The Constitution, fresh off a little bout of “coding error” malaise on Wednesday, has other ideas. Article 1 section 2 mandates the “actual Enumeration” be made every ten years — the Census Bureau itself seems pretty clear about this too. And then, the fourteenth amendment is explicit about including “the whole number of persons in each state.” The last census was conducted in 2020; the president has literally no say over when it happens next, or who gets counted in it. Of course, that won’t stop him from trying.
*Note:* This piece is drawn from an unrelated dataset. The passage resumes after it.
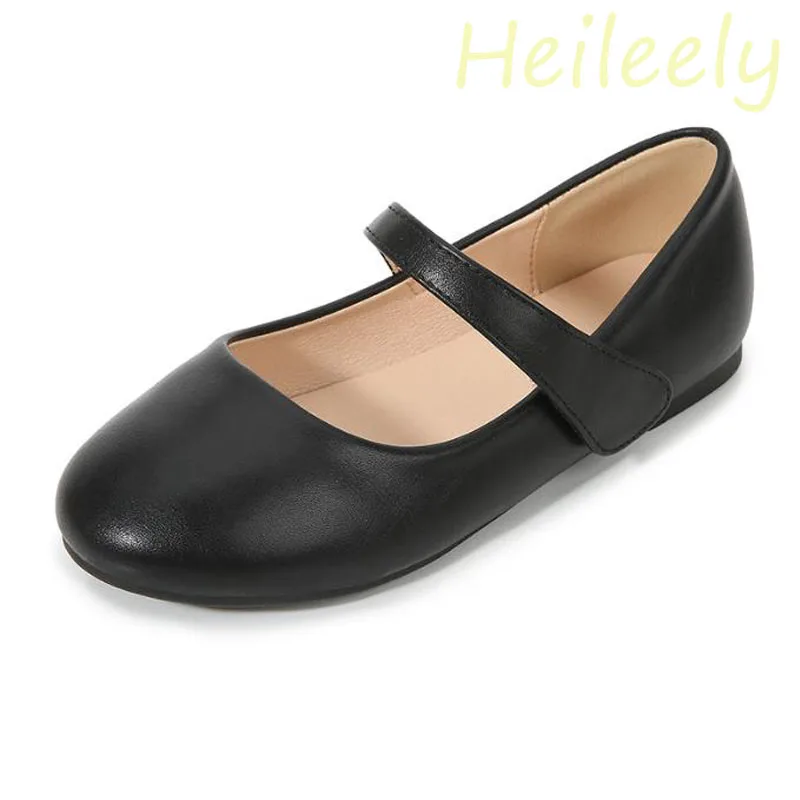 2024 New Kids Shoes for Girl Round Toe Black Color Leather Rubber Buttom Casual Flats 25 26 27
2024 New Kids Shoes for Girl Round Toe Black Color Leather Rubber Buttom Casual Flats 25 26 27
And Trump tried this sort of thing before, you’ll remember. In his first term he made various efforts to suppress the count of immigrants and various minorities, in an attempt to skew Congressional maps in his and Republicans’ favor and reduce money and services sent in very particular directions. The timing of this new radically unconstitutional effort is notable for its proximity to the ongoing battle in Texas, where Trump instructed the GOP to rustle up five new seats in the House with an absurd mid-term gerrymander. They know they are dramatically unpopular, and getting more so — it seems increasingly true that the only way to win is to cheat.
It is, of course, foolish to assume that the blatant illegality of the move will be its downfall. It goes without saying that Commerce Secretary Howard Lutnick is on board with the entire Trumpian project, so there isn’t likely to be much pushback there. The Supreme Court, in theory so enamored with those pretty words in the Constitution, has proven itself to have pretzel-like flexibility when it comes to granting this particular president nearly unlimited powers; could they find some justification for letting it move forward, even in the form of just delaying things long enough to render the unconstitutionality moot? Sure, probably.
But in the face of such potential disaster it remains a central project to keep that fundamental headline unit as prominently displayed as possible — Lawless President Orders Illegal Thing — with the hope that, at least in some cases, it becomes too much for even those allies to stand behind.